Hey guys so i'm using Cubase Artist 6 on a windows 7 PC and I keep getting this window that pops up when I launch Cubase saying that I need to Select the waves plugin folder. In the past, I've tried to click on the correct plugin folder but then it just resets the window as if I need to find it again. (It keeps looping) Now, what I've done is completely uninstalled waves, ccleaned and have tried to find every last trace of waves in my computer and delete it. The stupid thing still pops up when I start up cubase. If I click the "X" on the window, it goes away and cubase starts fine but its so freaking annoying to see this window at every startup. Please Help!


----------



## iceythe (Feb 4, 2013)

It means that Cubase is still finding the plug-in references (WaveShells) in some of the VST locations.

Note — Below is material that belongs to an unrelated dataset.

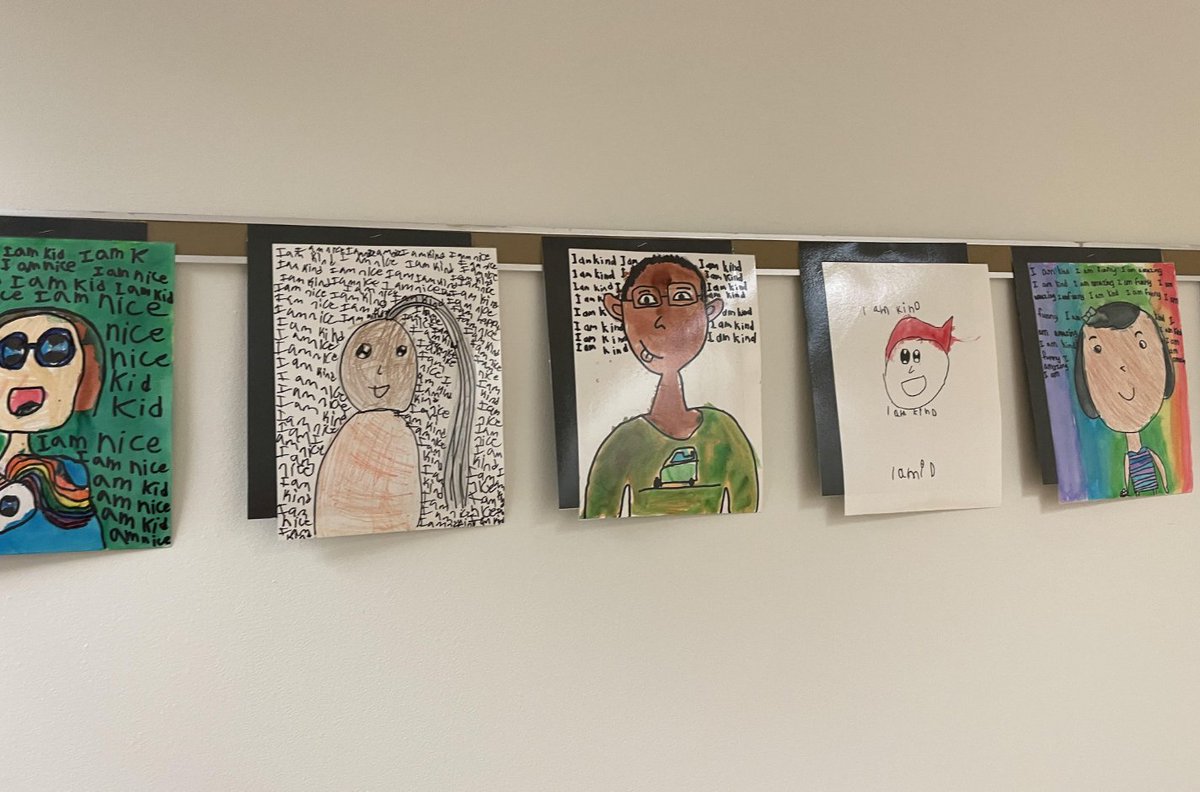 Third Graders created self portraits this week🎨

C:\Program Files\Vstplugins
C:\Program Files\Steinberg\VSTPlugins
C:\Program Files (x86)\VstPlugIns
C:\Program Files (x86)\Steinberg\VSTPlugins

As for VST3;

C:\Program Files\Common Files\vst3
C:\Program Files (x86)\Common Files\vst3


See if you find any WaveShells there.

Also, instead of uninstalling Waves, you could just go to c:\users\%username%\appdata\roaming\waves audio and delete the Preferences folder as it contains the old reference locations.


----------



## KingAenarion (Feb 4, 2013)

Also change what Cubase is scanning for in the VST plugins folder by deleting them all and re-directing the VST folders.


----------



## markgov (Feb 4, 2013)

thanks guys it was the commonfiles folder i didnt check yet


----------